Finders' fees were payable in connection with the second tranche of the private placement, equal to an aggregate of $59,947 and 599,473 non-transferable finder's warrants exercisable at a price of $0.20 per finder's warrant share for a period of 2 years.
All of the securities issued under the second tranche of the private placement are subject to a four-month hold period expiring on February 2, 2010, with additional hold periods applicable to US investors.
The proceeds of the private placement will be used for exploration at the Company's Mogollon Property in New Mexico, and for working capital requirements.
About Columbus Silver
Columbus Silver is a silver exploration and development company operating in the Western United States possessing an experienced management group with a strong background in all aspects of the acquisition, exploration, development and financing of mining projects.
Columbus Silver's project activities are managed on an exclusive basis by Cordex, owned and operated by John Livermore and Andy Wallace who have a long and successful history of discovery and mine development in the United States. Columbus Silver maintains active generative (prospecting) and evaluation programs and currently controls a 100% interest in 8 silver properties in Utah, Arizona, New Mexico and Nevada.

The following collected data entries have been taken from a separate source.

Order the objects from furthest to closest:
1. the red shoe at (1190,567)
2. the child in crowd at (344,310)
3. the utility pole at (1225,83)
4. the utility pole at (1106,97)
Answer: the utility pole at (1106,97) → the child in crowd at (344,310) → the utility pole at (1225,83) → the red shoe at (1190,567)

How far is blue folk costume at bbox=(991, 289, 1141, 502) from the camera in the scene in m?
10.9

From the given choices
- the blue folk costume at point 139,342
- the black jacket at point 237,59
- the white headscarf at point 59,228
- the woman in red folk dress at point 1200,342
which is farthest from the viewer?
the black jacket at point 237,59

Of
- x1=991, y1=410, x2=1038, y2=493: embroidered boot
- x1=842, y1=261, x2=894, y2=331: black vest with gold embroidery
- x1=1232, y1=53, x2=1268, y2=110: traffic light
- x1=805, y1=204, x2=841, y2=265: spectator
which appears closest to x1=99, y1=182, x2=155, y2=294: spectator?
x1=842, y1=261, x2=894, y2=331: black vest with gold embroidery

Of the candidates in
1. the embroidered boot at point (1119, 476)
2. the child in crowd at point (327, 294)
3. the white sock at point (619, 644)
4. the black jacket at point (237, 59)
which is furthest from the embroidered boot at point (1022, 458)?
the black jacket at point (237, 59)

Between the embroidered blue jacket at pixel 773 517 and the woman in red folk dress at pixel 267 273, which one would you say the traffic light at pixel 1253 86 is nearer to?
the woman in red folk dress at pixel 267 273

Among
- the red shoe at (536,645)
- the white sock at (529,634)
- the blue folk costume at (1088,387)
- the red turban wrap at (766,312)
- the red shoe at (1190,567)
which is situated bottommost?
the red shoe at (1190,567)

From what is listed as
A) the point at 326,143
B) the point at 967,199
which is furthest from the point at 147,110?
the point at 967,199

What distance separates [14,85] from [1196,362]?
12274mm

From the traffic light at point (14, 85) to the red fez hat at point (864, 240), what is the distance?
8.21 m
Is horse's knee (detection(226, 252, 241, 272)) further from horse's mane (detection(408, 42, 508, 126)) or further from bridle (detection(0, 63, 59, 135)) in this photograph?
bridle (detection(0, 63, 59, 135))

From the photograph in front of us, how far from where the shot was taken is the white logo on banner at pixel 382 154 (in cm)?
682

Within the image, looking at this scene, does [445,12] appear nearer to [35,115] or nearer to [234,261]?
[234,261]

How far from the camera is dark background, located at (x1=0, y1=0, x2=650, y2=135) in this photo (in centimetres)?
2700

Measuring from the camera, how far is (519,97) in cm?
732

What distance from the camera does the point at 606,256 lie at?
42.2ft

This release contains forward-looking information and statements, as defined by law including without limitation Canadian securities laws and the "safe harbor" provisions of the US Private Securities Litigation Reform Act of 1995 ("forward-looking statements"), respecting the Company's use of proceeds of the private placement and when and if it will close the second tranche of the private placement. Forward-looking statements involve risks, uncertainties and other factors that may cause actual results to be materially different from those expressed or implied by the forward-looking statements, including without limitation the ability to complete the private placement; ability to locate and dependence on finders; availability of qualified workers; risks associated with exploration projects; dependence on third parties for services; non-performance by contractual counterparties; title risks; and general business and economic conditions. Forward-looking statements are based on a number of assumptions that may prove to be incorrect, including without limitation assumptions about: general business and economic conditions; the ability to locate sufficient purchasers (and if applicable, finders) to complete the private placement; the timing and receipt of required approvals; ability to procure equipment and supplies; and ongoing relations with employees, partners and joint venturers. The foregoing list is not exhaustive and we undertake no obligation to update any of the foregoing except as required by law.